KnowledgeBase Archive

An Archive of Early Microsoft KnowledgeBase Articles

View on GitHub

Q260267: FrontPage Server Extensions Image Map Files Expose Vulnerability

Article: Q260267
Product(s): Word Front Page
Version(s): 
Operating System(s): 
Keyword(s): 
Last Modified: 13-MAY-2001

-------------------------------------------------------------------------------
The information in this article applies to:

- Microsoft FrontPage 98 for Windows 
- Microsoft FrontPage 97 for Windows 
-------------------------------------------------------------------------------

SYMPTOMS
========

The FrontPage 97 and 98 Server Extensions include two image map files,
Htimage.exe and Imagemap.exe, which are server-side NCSA and CERN compliant
components, that are used to support server-side image maps.
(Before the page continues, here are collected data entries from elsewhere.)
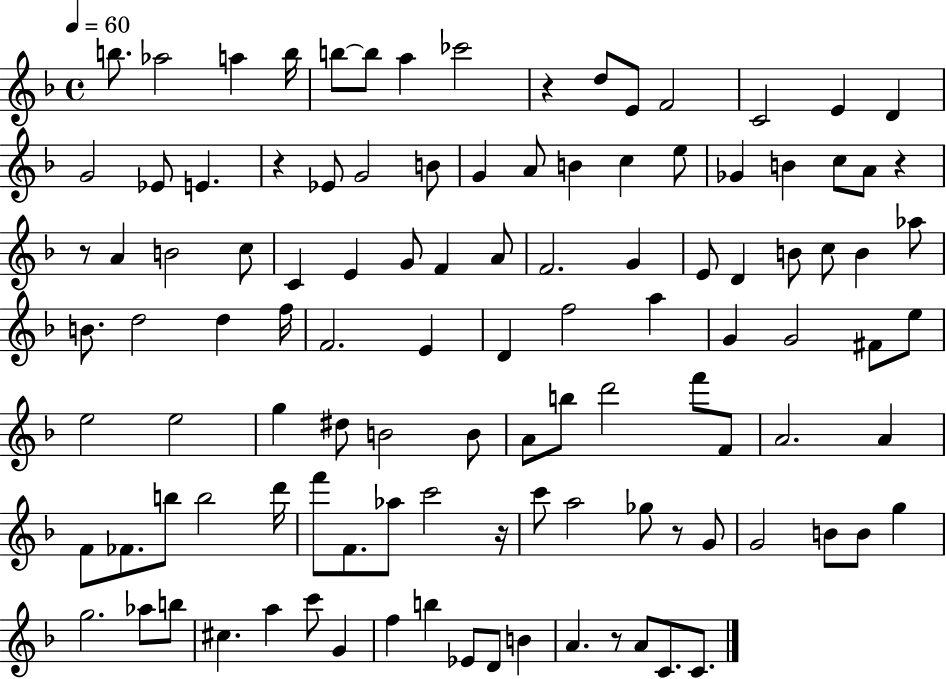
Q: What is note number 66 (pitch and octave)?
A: B5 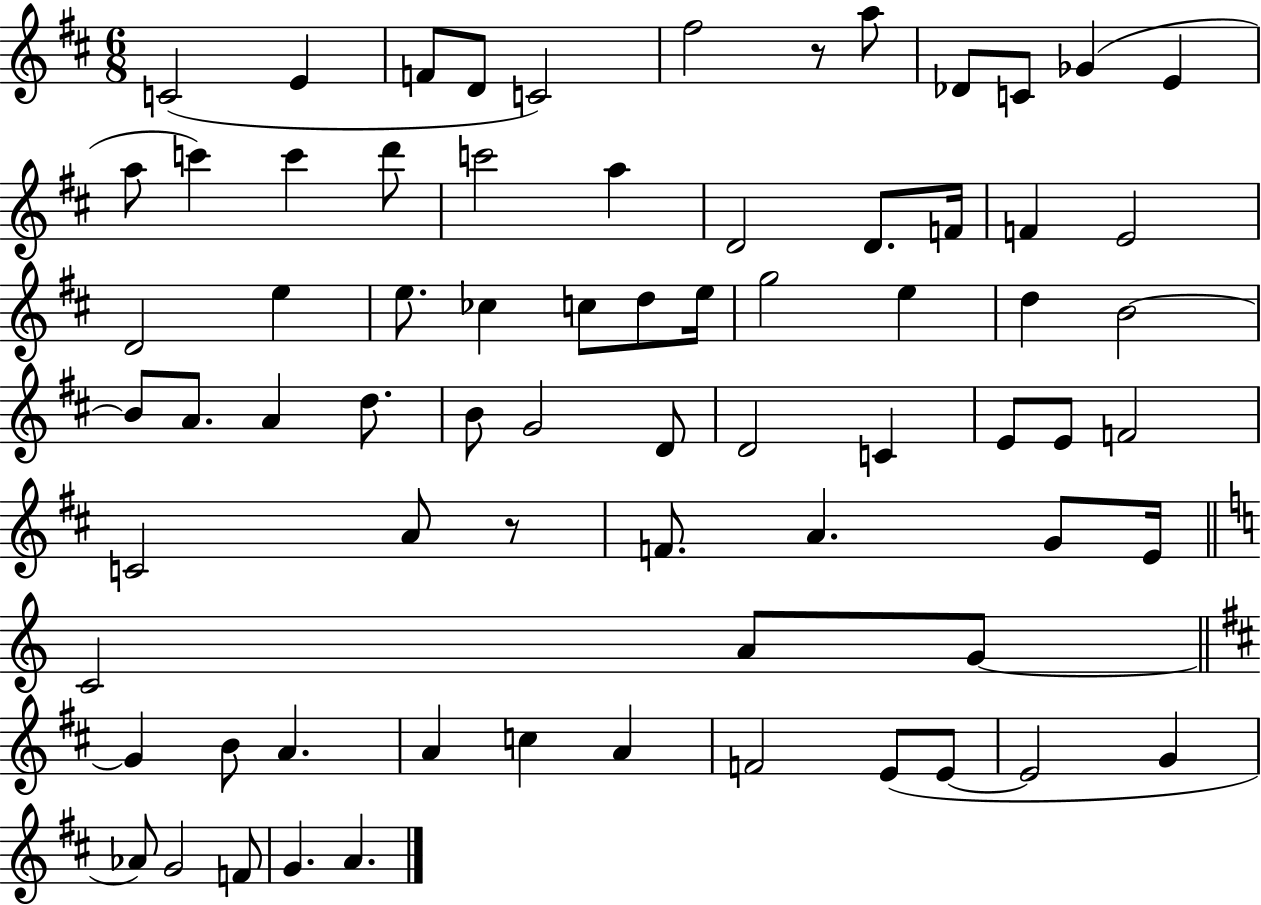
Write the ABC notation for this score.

X:1
T:Untitled
M:6/8
L:1/4
K:D
C2 E F/2 D/2 C2 ^f2 z/2 a/2 _D/2 C/2 _G E a/2 c' c' d'/2 c'2 a D2 D/2 F/4 F E2 D2 e e/2 _c c/2 d/2 e/4 g2 e d B2 B/2 A/2 A d/2 B/2 G2 D/2 D2 C E/2 E/2 F2 C2 A/2 z/2 F/2 A G/2 E/4 C2 A/2 G/2 G B/2 A A c A F2 E/2 E/2 E2 G _A/2 G2 F/2 G A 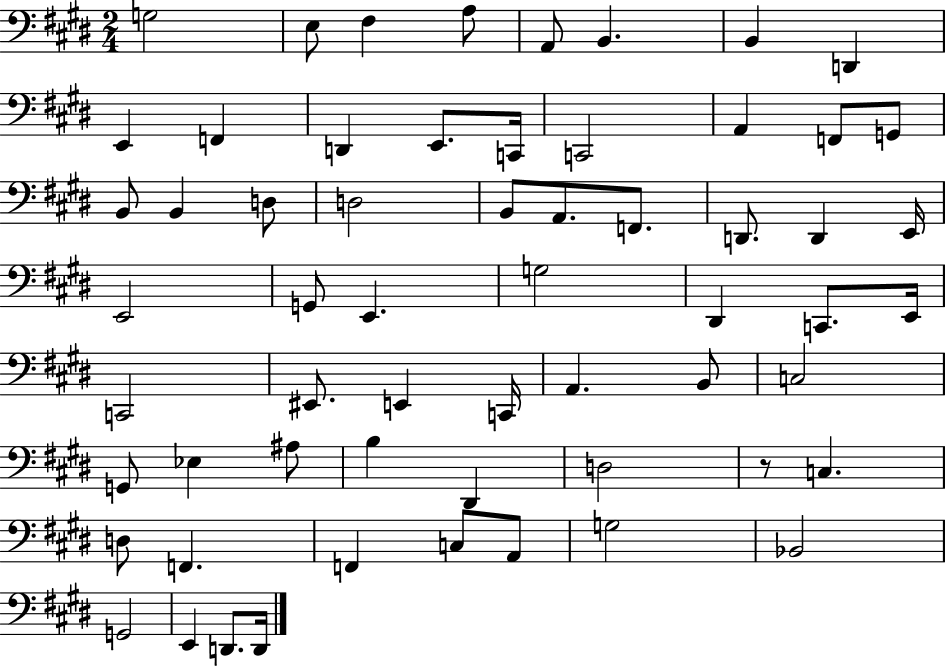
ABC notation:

X:1
T:Untitled
M:2/4
L:1/4
K:E
G,2 E,/2 ^F, A,/2 A,,/2 B,, B,, D,, E,, F,, D,, E,,/2 C,,/4 C,,2 A,, F,,/2 G,,/2 B,,/2 B,, D,/2 D,2 B,,/2 A,,/2 F,,/2 D,,/2 D,, E,,/4 E,,2 G,,/2 E,, G,2 ^D,, C,,/2 E,,/4 C,,2 ^E,,/2 E,, C,,/4 A,, B,,/2 C,2 G,,/2 _E, ^A,/2 B, ^D,, D,2 z/2 C, D,/2 F,, F,, C,/2 A,,/2 G,2 _B,,2 G,,2 E,, D,,/2 D,,/4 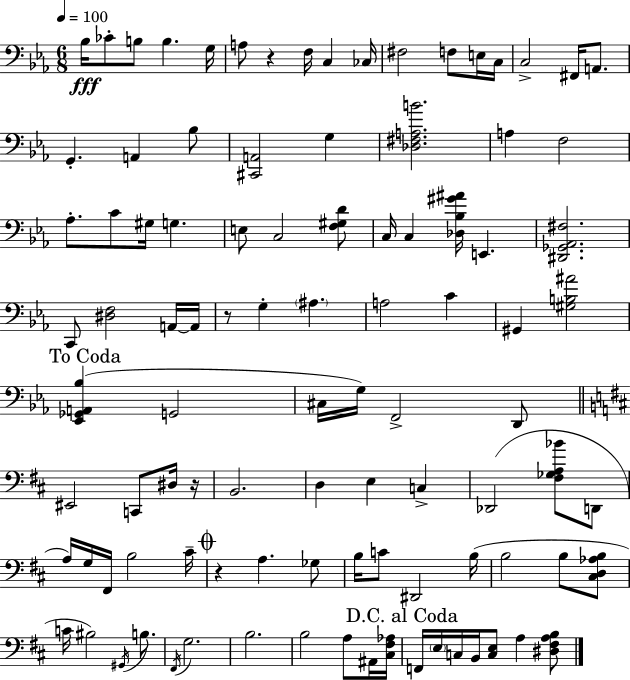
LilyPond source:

{
  \clef bass
  \numericTimeSignature
  \time 6/8
  \key ees \major
  \tempo 4 = 100
  bes16\fff ces'8-. b8 b4. g16 | a8 r4 f16 c4 ces16 | fis2 f8 e16 c16 | c2-> fis,16 a,8. | \break g,4.-. a,4 bes8 | <cis, a,>2 g4 | <des fis a b'>2. | a4 f2 | \break aes8.-. c'8 gis16 g4. | e8 c2 <f gis d'>8 | c16 c4 <des bes gis' ais'>16 e,4. | <dis, ges, aes, fis>2. | \break c,8 <dis f>2 a,16~~ a,16 | r8 g4-. \parenthesize ais4. | a2 c'4 | gis,4 <gis b ais'>2 | \break \mark "To Coda" <ees, ges, a, bes>4( g,2 | cis16 g16) f,2-> d,8 | \bar "||" \break \key d \major eis,2 c,8 dis16 r16 | b,2. | d4 e4 c4-> | des,2( <fis ges a bes'>8 d,8 | \break a16) g16 fis,16 b2 cis'16-- | \mark \markup { \musicglyph "scripts.coda" } r4 a4. ges8 | b16 c'8 dis,2 b16( | b2 b8 <cis d aes b>8 | \break c'16 bis2) \acciaccatura { gis,16 } b8. | \acciaccatura { fis,16 } g2. | b2. | b2 a8 | \break ais,16 <cis fis aes>16 \mark "D.C. al Coda" f,16 \parenthesize e16 c16 b,16 <c e>8 a4 | <dis fis a b>8 \bar "|."
} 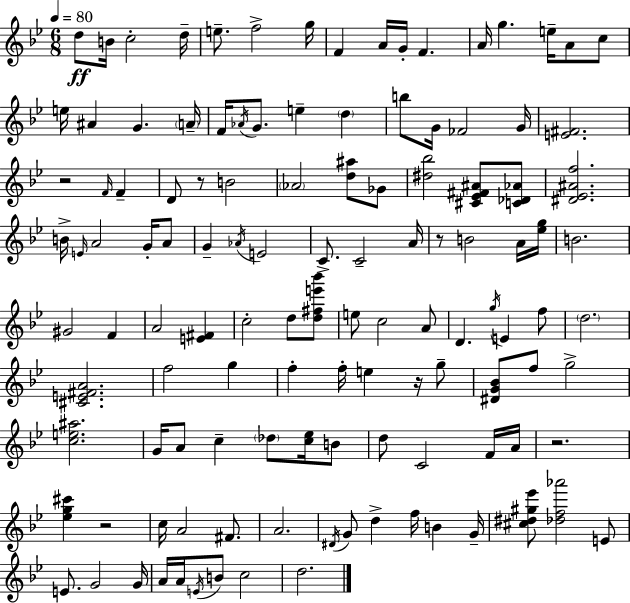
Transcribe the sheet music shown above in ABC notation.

X:1
T:Untitled
M:6/8
L:1/4
K:Bb
d/2 B/4 c2 d/4 e/2 f2 g/4 F A/4 G/4 F A/4 g e/4 A/2 c/2 e/4 ^A G A/4 F/4 _A/4 G/2 e d b/2 G/4 _F2 G/4 [E^F]2 z2 F/4 F D/2 z/2 B2 _A2 [d^a]/2 _G/2 [^d_b]2 [^C_E^F^A]/2 [C_D_A]/2 [^D_E^Af]2 B/4 E/4 A2 G/4 A/2 G _A/4 E2 C/2 C2 A/4 z/2 B2 A/4 [_eg]/4 B2 ^G2 F A2 [E^F] c2 d/2 [d^fe'_b']/2 e/2 c2 A/2 D g/4 E f/2 d2 [^CE^FA]2 f2 g f f/4 e z/4 g/2 [^DG_B]/2 f/2 g2 [ce^a]2 G/4 A/2 c _d/2 [c_e]/4 B/2 d/2 C2 F/4 A/4 z2 [_eg^c'] z2 c/4 A2 ^F/2 A2 ^D/4 G/2 d f/4 B G/4 [^c^d^g_e']/2 [_df_a']2 E/2 E/2 G2 G/4 A/4 A/4 E/4 B/2 c2 d2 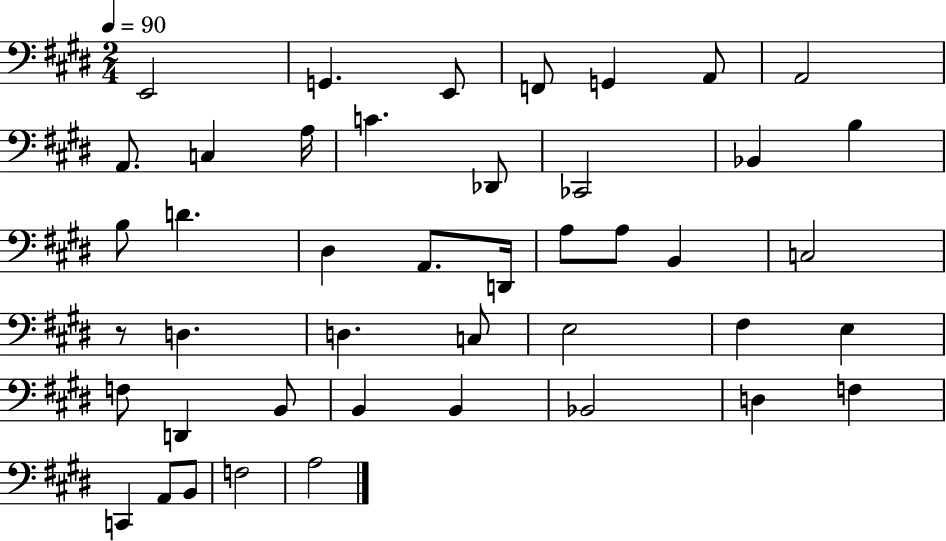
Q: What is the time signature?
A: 2/4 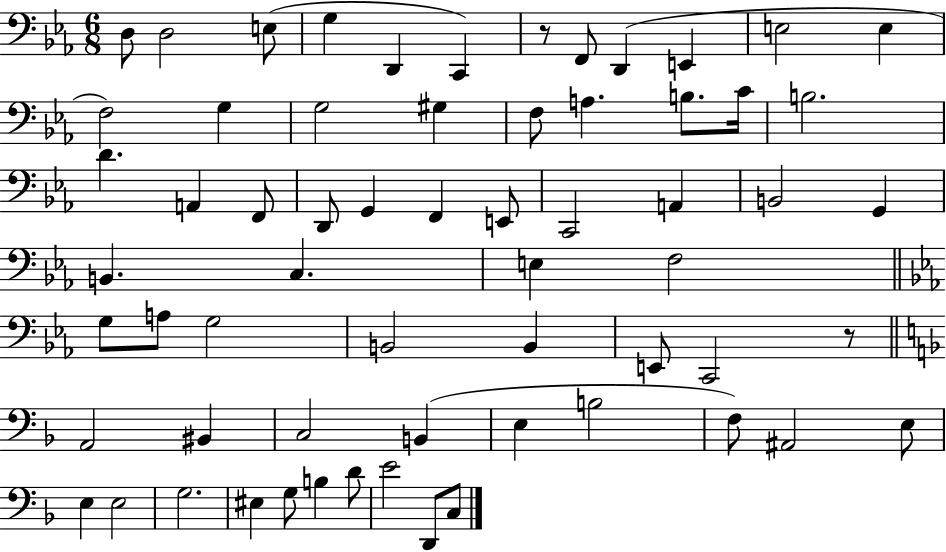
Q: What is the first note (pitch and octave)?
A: D3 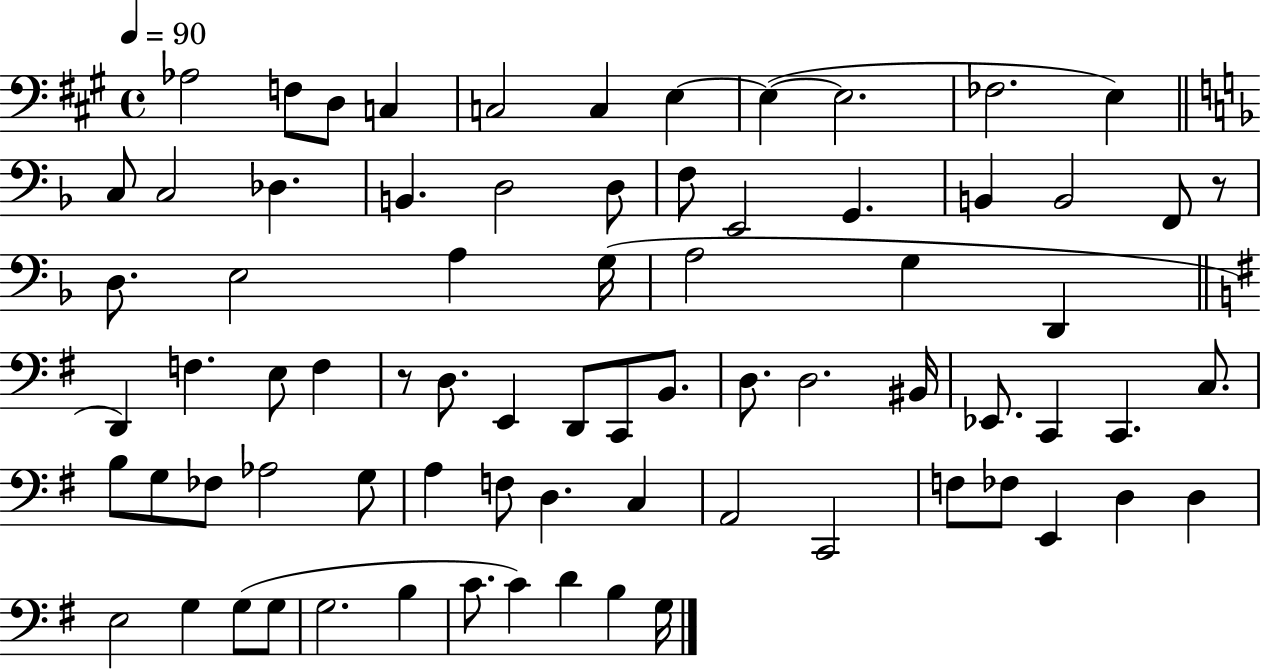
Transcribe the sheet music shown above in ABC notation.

X:1
T:Untitled
M:4/4
L:1/4
K:A
_A,2 F,/2 D,/2 C, C,2 C, E, E, E,2 _F,2 E, C,/2 C,2 _D, B,, D,2 D,/2 F,/2 E,,2 G,, B,, B,,2 F,,/2 z/2 D,/2 E,2 A, G,/4 A,2 G, D,, D,, F, E,/2 F, z/2 D,/2 E,, D,,/2 C,,/2 B,,/2 D,/2 D,2 ^B,,/4 _E,,/2 C,, C,, C,/2 B,/2 G,/2 _F,/2 _A,2 G,/2 A, F,/2 D, C, A,,2 C,,2 F,/2 _F,/2 E,, D, D, E,2 G, G,/2 G,/2 G,2 B, C/2 C D B, G,/4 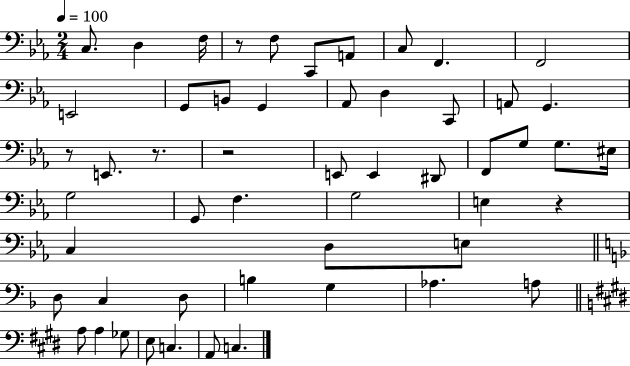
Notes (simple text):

C3/e. D3/q F3/s R/e F3/e C2/e A2/e C3/e F2/q. F2/h E2/h G2/e B2/e G2/q Ab2/e D3/q C2/e A2/e G2/q. R/e E2/e. R/e. R/h E2/e E2/q D#2/e F2/e G3/e G3/e. EIS3/s G3/h G2/e F3/q. G3/h E3/q R/q C3/q D3/e E3/e D3/e C3/q D3/e B3/q G3/q Ab3/q. A3/e A3/e A3/q Gb3/e E3/e C3/q. A2/e C3/q. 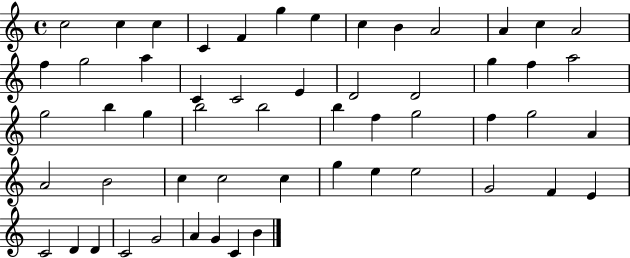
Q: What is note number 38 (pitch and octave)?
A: C5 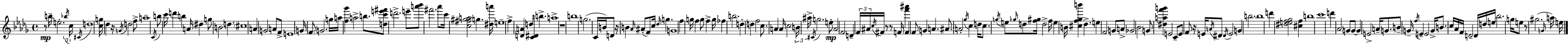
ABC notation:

X:1
T:Untitled
M:4/4
L:1/4
K:Bbm
z/2 b/4 e2 _b/4 c/4 ^C/4 d4 [cg]/4 _d z/4 G/4 d2 f/2 a4 C/4 b/2 c'/4 d' b A/4 ^d g/2 B2 d ^c4 A G2 A/2 F/2 E4 G/4 F/2 G2 g/4 a/4 [f_g'] a2 b/2 [dc'e'^f']/2 d'2 e'/2 [a'_b']/2 ^f'2 _a'/2 c'/4 [c^f^ga]2 g [^da']/4 e4 f [DA] d/4 [C^D]/4 b a4 z4 b4 g2 C/4 B/4 D/2 z/4 B _A/4 ^A/2 F/2 c/4 _d/4 g G4 f g/4 f g/2 f g/4 _f b2 d d f2 c/2 A A/4 c2 B/4 ^a/4 ^C/4 g2 e/2 _A2 F2 D F/4 ^A/4 c/4 ^F/4 z/2 z/2 F/4 [f'^a'] F F/2 G A ^A/2 A2 _g/4 c d/4 c/2 g/4 e/2 _g/4 d/2 [f^g]/4 d2 f/4 e B/4 [^cf_gb'] _d e F2 G/2 A/2 _G2 _B2 G/2 [^daf'g'] E2 C/2 E/2 F/2 z/4 E/4 A/4 ^D/2 ^D/4 E2 G b2 b4 d' [^def_g]2 [^cf] b4 c'4 d' _A2 G/2 G/2 G E2 A/4 G/2 B/2 G/4 f/4 E E2 G/4 B/2 c/4 _A/4 F/4 D2 D/4 d/4 e/4 _b2 g/4 e/2 z/2 ^g2 G/4 a/4 e/4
These files were originally provided to support image maps with Netscape and
Internet Explorer versions 1.0 and 2.0. However, both files contain unchecked
buffers that may be used to run arbitrary code. These files expose security
vulnerabilities, which can result in buffer overruns, exploits of cross-site
scripting, and access to drive path and file information.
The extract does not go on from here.